In my previous article I indicated that we were making a plant to create and store foliar nitrogen in thirty tonnes batches, with the ability to add in other products, such as molasses, fish hydrolysate and any nutrients which may have been shown to be deficient following Sap analysis results. Unfortunately, the project got behind schedule and will now have to be implemented next year. One thing that I did forget to mention regarding this project, was that I have been working closely with the local Catchment Sensitive officer, Julie Jackson from Anglian Water, it is through Julie that I have been able to gain a much-appreciated grant for this project from Anglian Water.
The weather throughout the growing period had its ups and downs, our crops looked very even and well.
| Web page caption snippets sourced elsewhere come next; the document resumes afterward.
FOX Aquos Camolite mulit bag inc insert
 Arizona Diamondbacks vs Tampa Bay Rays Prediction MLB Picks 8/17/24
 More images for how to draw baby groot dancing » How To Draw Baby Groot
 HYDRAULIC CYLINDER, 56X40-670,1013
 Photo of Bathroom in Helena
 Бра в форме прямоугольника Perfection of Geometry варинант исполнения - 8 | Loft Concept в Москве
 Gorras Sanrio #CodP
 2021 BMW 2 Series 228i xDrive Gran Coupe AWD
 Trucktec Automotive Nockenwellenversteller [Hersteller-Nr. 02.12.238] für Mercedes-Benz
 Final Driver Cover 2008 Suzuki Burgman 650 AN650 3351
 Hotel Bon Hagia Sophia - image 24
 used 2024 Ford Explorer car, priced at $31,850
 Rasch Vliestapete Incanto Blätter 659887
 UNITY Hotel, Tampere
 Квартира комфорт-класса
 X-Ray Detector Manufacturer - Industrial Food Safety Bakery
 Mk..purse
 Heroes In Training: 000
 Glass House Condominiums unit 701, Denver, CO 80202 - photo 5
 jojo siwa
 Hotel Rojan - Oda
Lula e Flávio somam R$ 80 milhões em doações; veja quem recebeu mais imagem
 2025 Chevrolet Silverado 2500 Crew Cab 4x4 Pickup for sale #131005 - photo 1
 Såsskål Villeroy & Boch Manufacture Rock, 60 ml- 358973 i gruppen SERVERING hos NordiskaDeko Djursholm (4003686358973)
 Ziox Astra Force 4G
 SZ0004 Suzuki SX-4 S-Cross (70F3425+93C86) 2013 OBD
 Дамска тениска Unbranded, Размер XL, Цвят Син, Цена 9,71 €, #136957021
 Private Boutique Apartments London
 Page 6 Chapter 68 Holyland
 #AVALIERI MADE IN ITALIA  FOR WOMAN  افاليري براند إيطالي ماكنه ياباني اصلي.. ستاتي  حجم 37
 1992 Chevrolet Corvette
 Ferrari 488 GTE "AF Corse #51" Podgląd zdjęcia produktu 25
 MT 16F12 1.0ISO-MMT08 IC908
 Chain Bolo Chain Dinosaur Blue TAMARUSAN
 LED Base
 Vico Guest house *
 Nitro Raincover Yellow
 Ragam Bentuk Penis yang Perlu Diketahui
We had selected and sown a ten-way blend of soft wheats, hoping to gain a soft wheat premium. Interestingly at harvest, one farm met the soft wheat premium and the other ended up with feed quality. If I fail to gain the required soft wheat quality in future years, I may well add some carefully selected hard wheats to the blend to increase the diversity. I had hoped to reduce my reliance on fungicides by using the blend of seed, in conjunction with a reduction in total nitrogen and complimented by using the homemade foliar nitrogen, the latter did not happen, but the wheat blend has been shown to be very robust in a bad Septoria year.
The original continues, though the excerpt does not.